## Information supplied
————

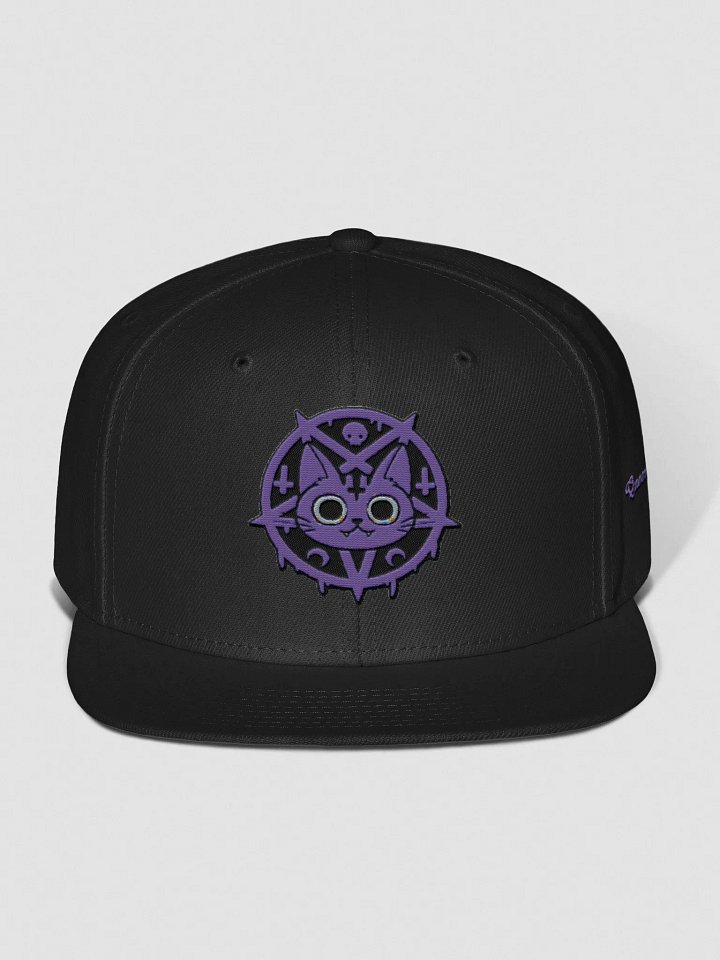 JCW Neko Snapback product image (9)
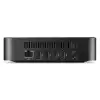 Компютър ViewSonic NMP760 - Chromebox Intel Celeron 5205U, 8GB DDR4, eMMC 64GB, HDMI out x 2, uSD card x 1, USB-C x 1, USB 3.0 x 4, RJ45 x 1, Audio out (3.5mm Audio Jack), Black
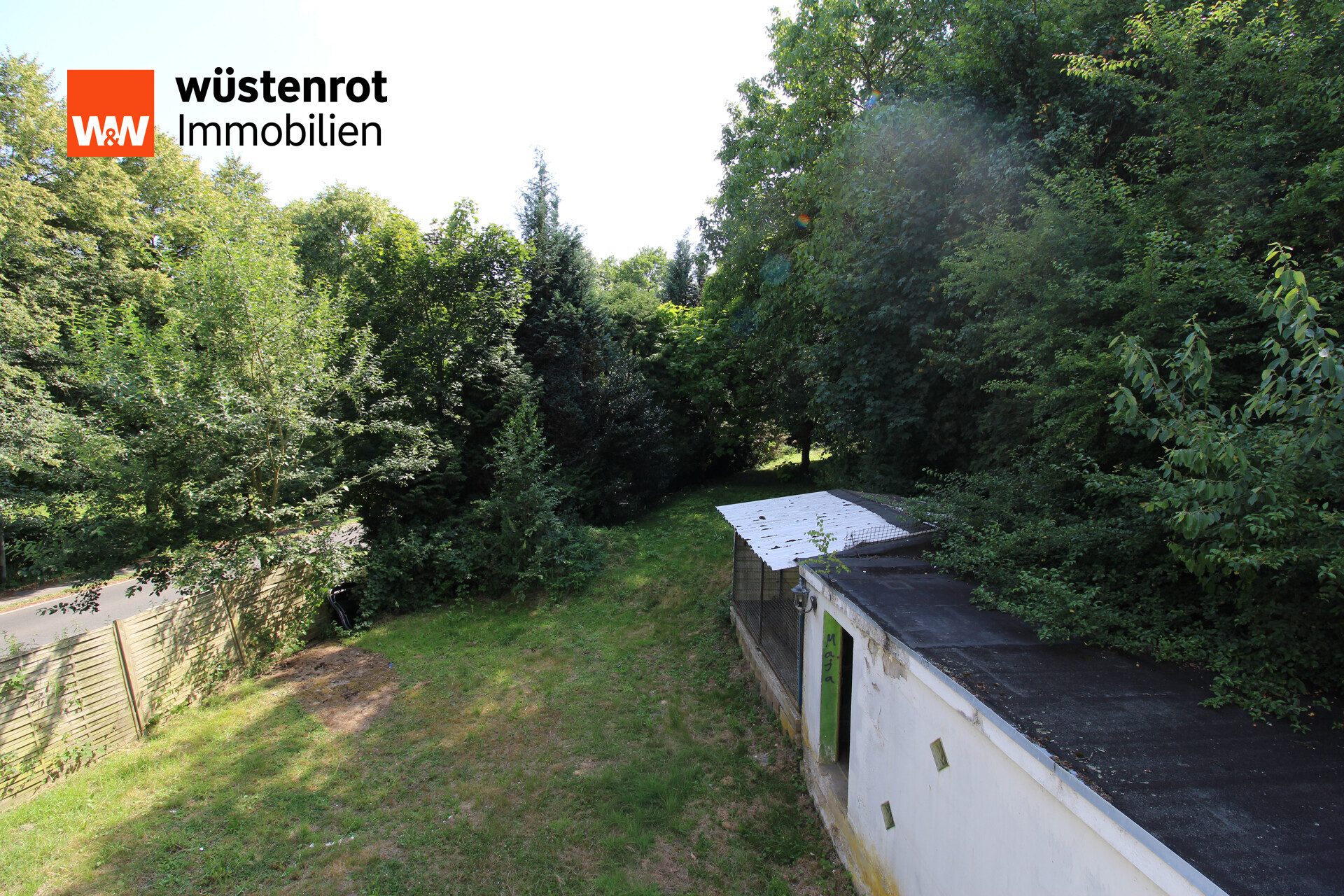 Immobilienangebot - Rödinghausen - Alle - Viel Haus. Viel Grundstück. Viele Möglichkeiten - Großzügiges Einfamilienhaus in Rödinghausen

————

## Exercise brief
Repeat the material exactly. Any picture in it should be dropped.

## Answer section
 JCW Neko Snapback product image (9)
 Компютър ViewSonic NMP760 - Chromebox Intel Celeron 5205U, 8GB DDR4, eMMC 64GB, HDMI out x 2, uSD card x 1, USB-C x 1, USB 3.0 x 4, RJ45 x 1, Audio out (3.5mm Audio Jack), Black
 Immobilienangebot - Rödinghausen - Alle - Viel Haus. Viel Grundstück. Viele Möglichkeiten - Großzügiges Einfamilienhaus in Rödinghausen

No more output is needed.